┌─ Data extracts

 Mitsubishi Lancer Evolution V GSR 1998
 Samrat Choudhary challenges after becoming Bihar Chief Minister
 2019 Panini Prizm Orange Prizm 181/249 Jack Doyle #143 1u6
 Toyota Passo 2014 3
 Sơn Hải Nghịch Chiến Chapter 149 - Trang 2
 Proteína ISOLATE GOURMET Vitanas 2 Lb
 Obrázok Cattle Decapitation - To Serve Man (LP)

└─
┌─ Data extracts

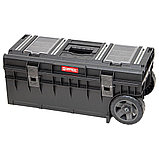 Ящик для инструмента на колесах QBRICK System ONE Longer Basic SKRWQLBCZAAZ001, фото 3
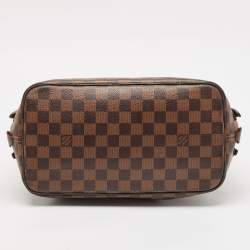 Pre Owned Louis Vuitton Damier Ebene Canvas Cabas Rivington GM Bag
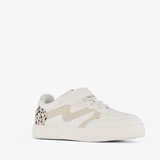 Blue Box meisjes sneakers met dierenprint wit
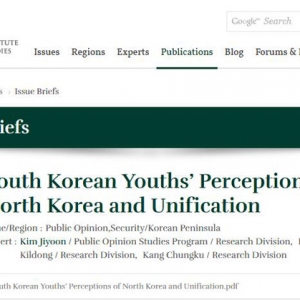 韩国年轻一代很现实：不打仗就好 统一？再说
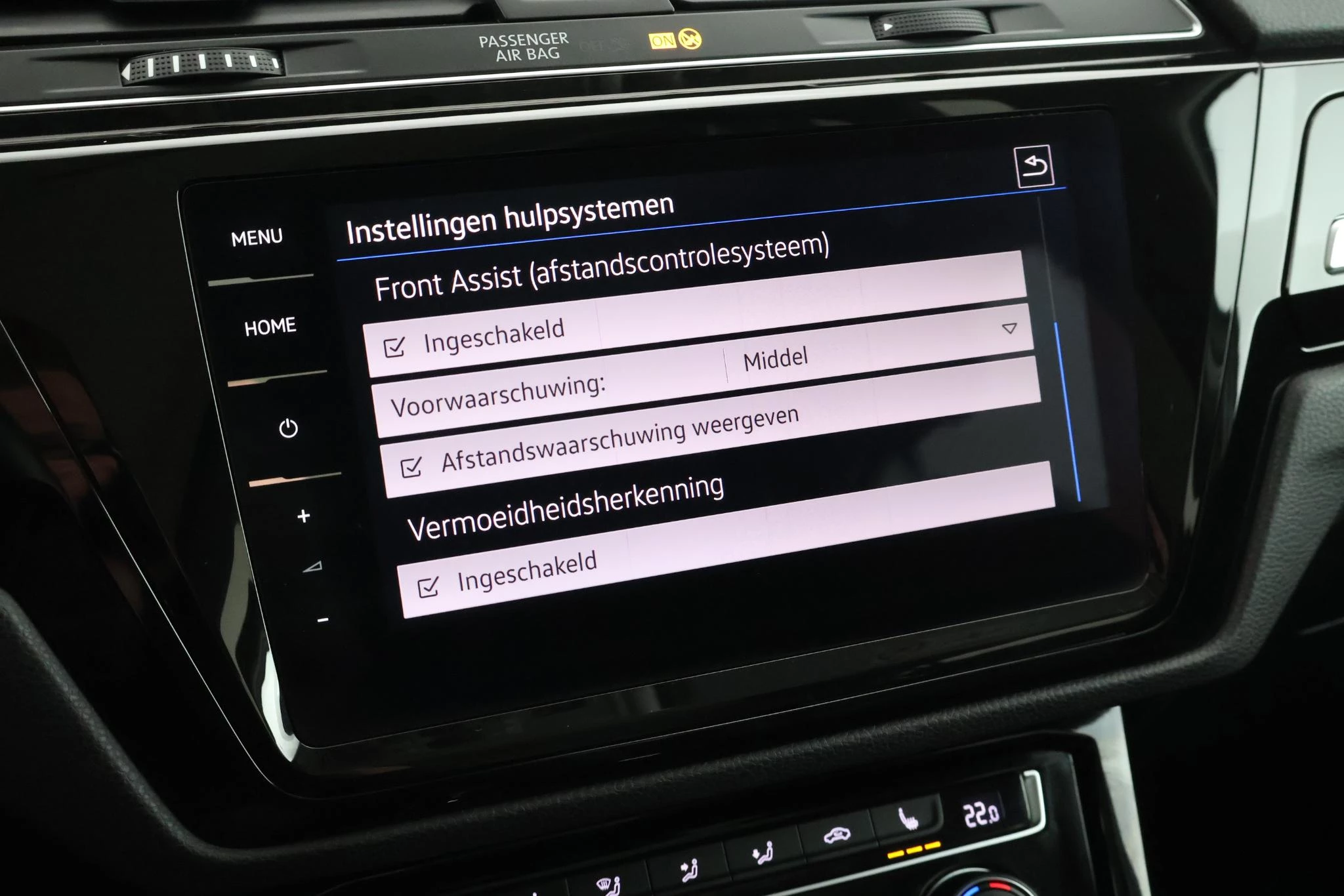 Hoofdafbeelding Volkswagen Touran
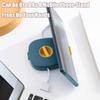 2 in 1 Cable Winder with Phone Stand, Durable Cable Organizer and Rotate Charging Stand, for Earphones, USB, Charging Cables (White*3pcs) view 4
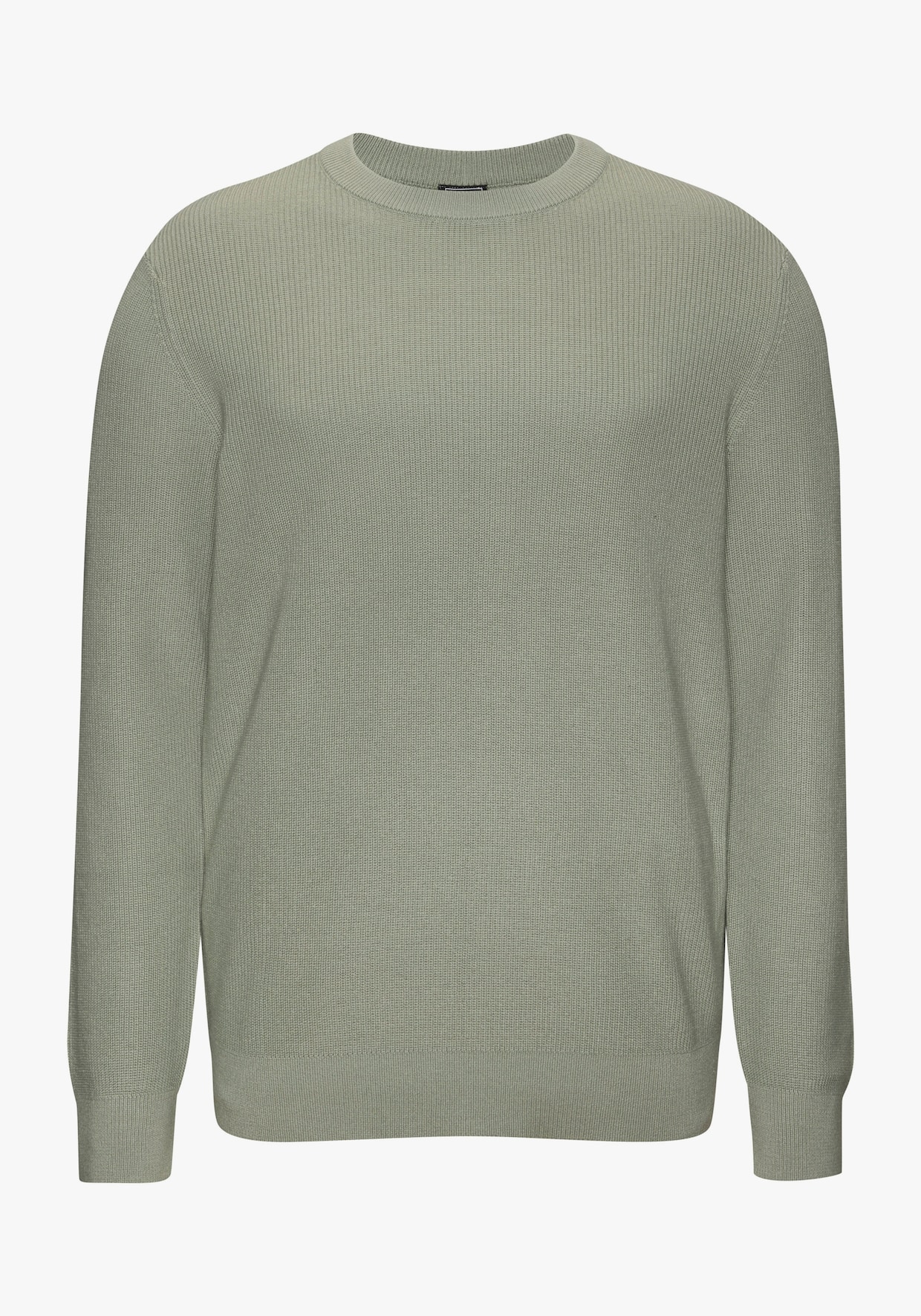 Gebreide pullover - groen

└─
┌─ Data extracts

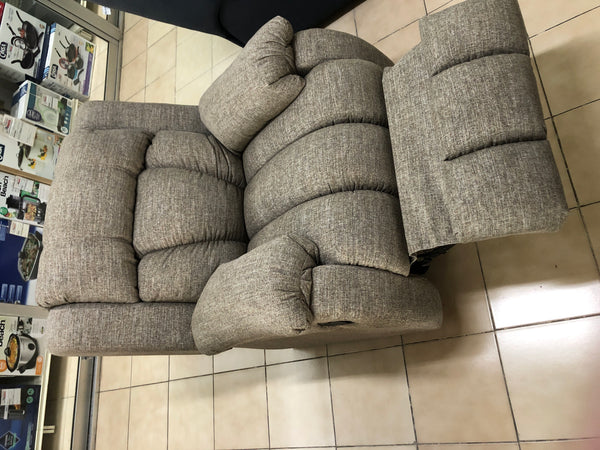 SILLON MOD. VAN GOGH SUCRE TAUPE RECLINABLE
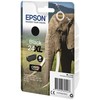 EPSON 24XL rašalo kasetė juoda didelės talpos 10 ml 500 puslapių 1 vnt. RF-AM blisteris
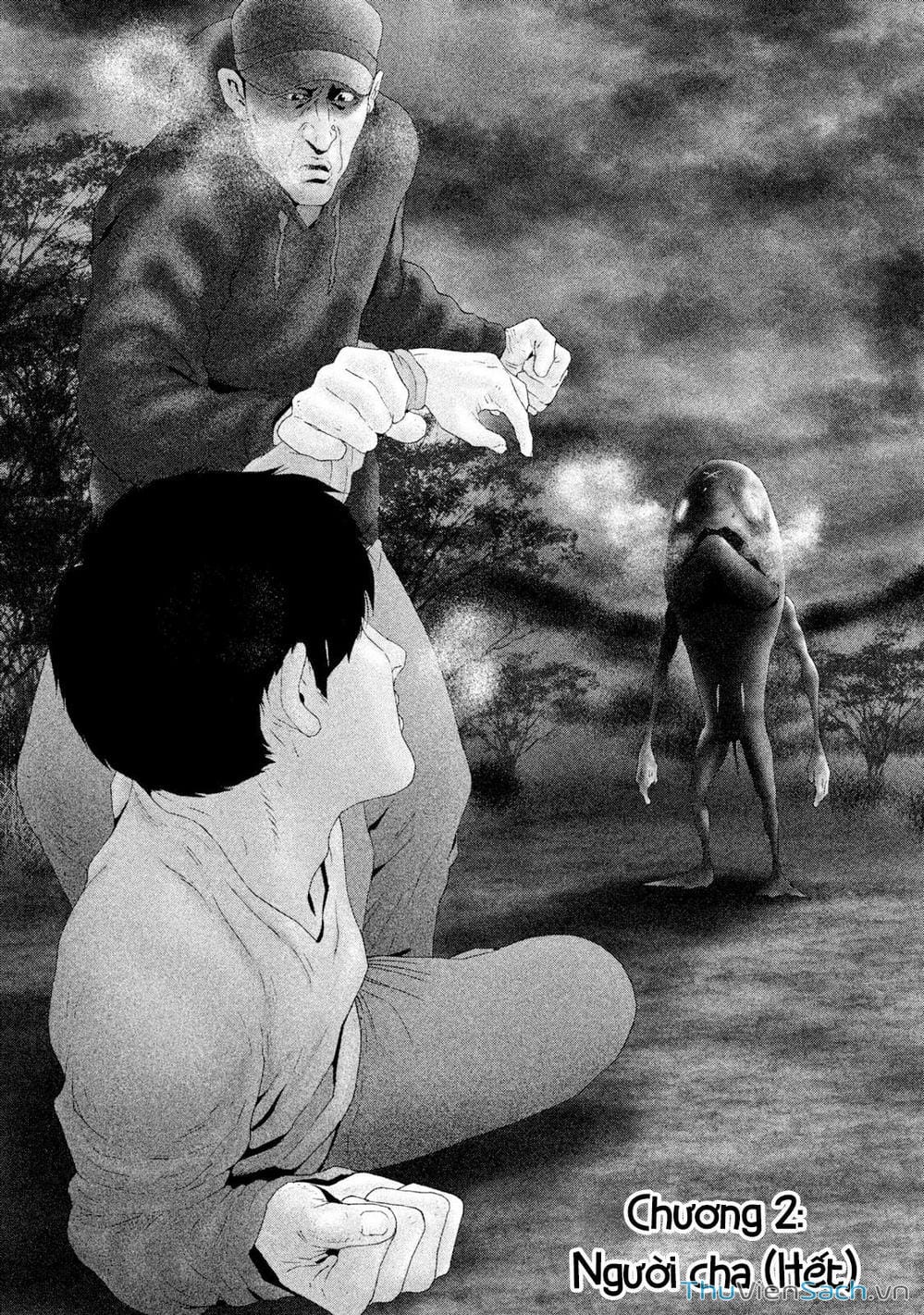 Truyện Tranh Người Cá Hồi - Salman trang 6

└─

**What to work on**
Among the entries above, locate the line with "Blue Box meisjes" and the line with "Gebreide pullover - groen". Give those two lines and all lines between them again, exactly, leaving out the pictures.

**Your response**
 Blue Box meisjes sneakers met dierenprint wit
 韩国年轻一代很现实：不打仗就好 统一？再说
 Hoofdafbeelding Volkswagen Touran
 2 in 1 Cable Winder with Phone Stand, Durable Cable Organizer and Rotate Charging Stand, for Earphones, USB, Charging Cables (White*3pcs) view 4
 Gebreide pullover - groen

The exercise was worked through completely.